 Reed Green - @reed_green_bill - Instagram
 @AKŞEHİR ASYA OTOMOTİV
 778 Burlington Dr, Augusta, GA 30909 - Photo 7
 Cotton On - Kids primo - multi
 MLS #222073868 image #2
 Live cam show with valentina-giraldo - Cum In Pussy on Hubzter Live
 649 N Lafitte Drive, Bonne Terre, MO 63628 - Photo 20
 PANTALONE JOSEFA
+--
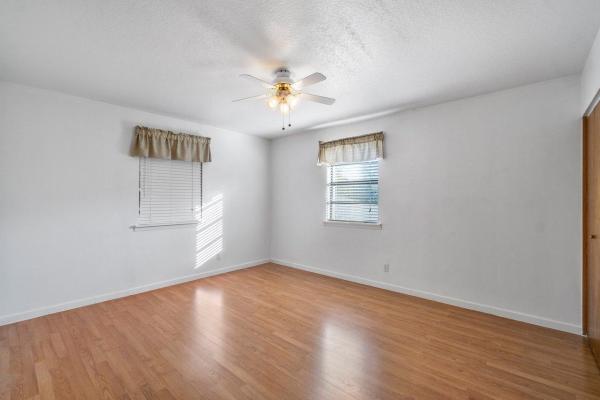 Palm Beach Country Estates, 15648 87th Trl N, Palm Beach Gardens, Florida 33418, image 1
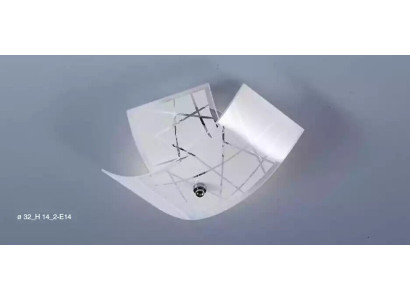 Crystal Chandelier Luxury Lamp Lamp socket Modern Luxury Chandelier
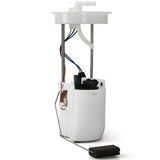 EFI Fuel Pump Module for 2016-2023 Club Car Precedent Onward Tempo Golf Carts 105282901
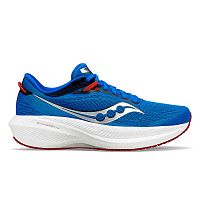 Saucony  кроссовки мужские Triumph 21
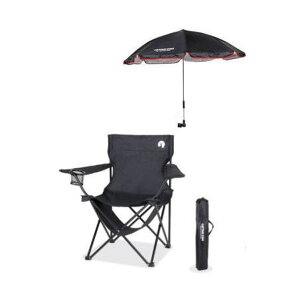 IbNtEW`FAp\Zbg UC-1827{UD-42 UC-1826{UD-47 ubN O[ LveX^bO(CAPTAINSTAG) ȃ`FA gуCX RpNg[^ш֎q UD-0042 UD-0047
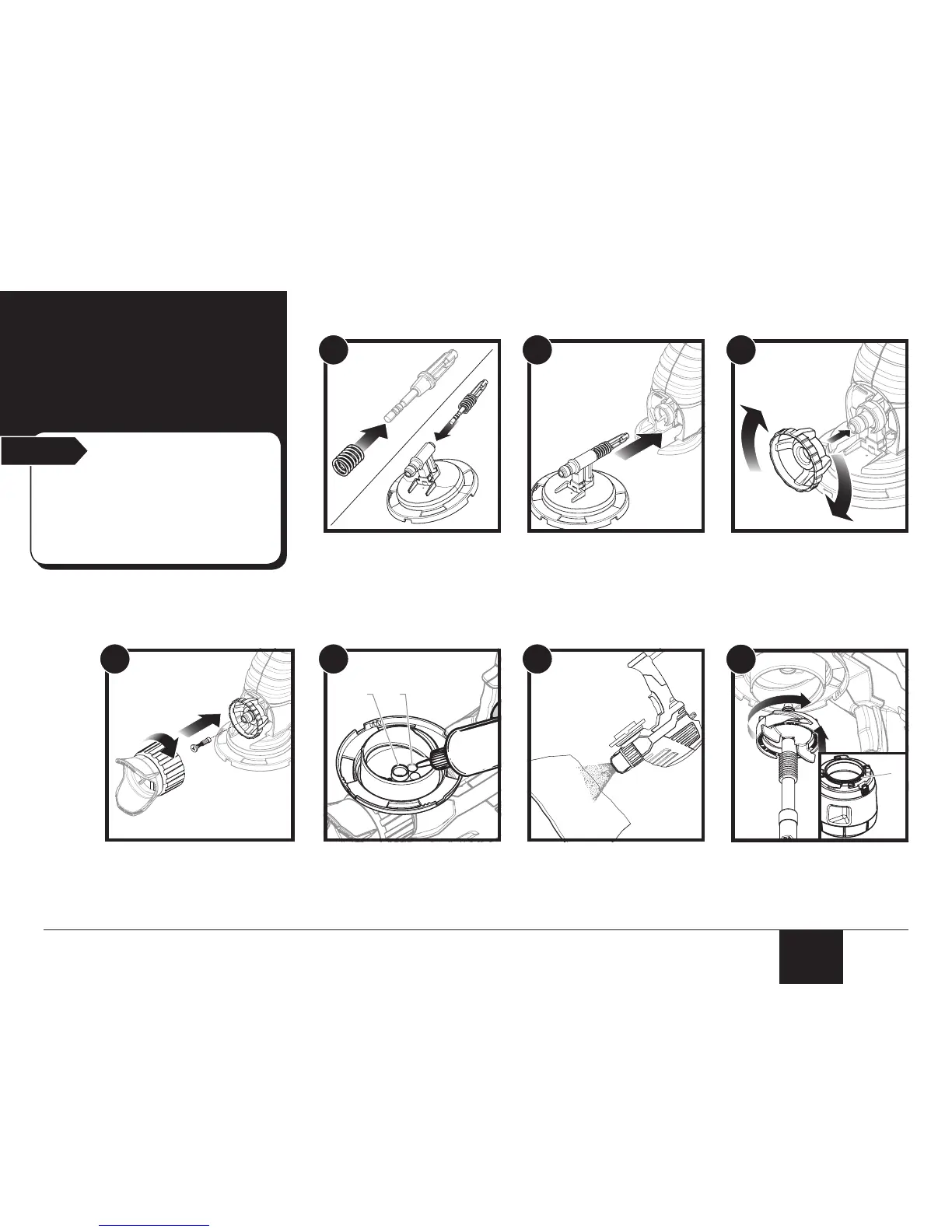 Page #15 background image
+--
DESCRIPTION OF THE TASK: Copy out exactly the lines above beginning with the line that contains "Crystal Chandelier Luxury" and finishing with the line that contains "Page #15 background image", including both; leave the pictures out.

RESULT OF THE TASK:
 Crystal Chandelier Luxury Lamp Lamp socket Modern Luxury Chandelier
 EFI Fuel Pump Module for 2016-2023 Club Car Precedent Onward Tempo Golf Carts 105282901
 Saucony  кроссовки мужские Triumph 21
 IbNtEW`FAp\Zbg UC-1827{UD-42 UC-1826{UD-47 ubN O[ LveX^bO(CAPTAINSTAG) ȃ`FA gуCX RpNg[^ш֎q UD-0042 UD-0047
 Page #15 background image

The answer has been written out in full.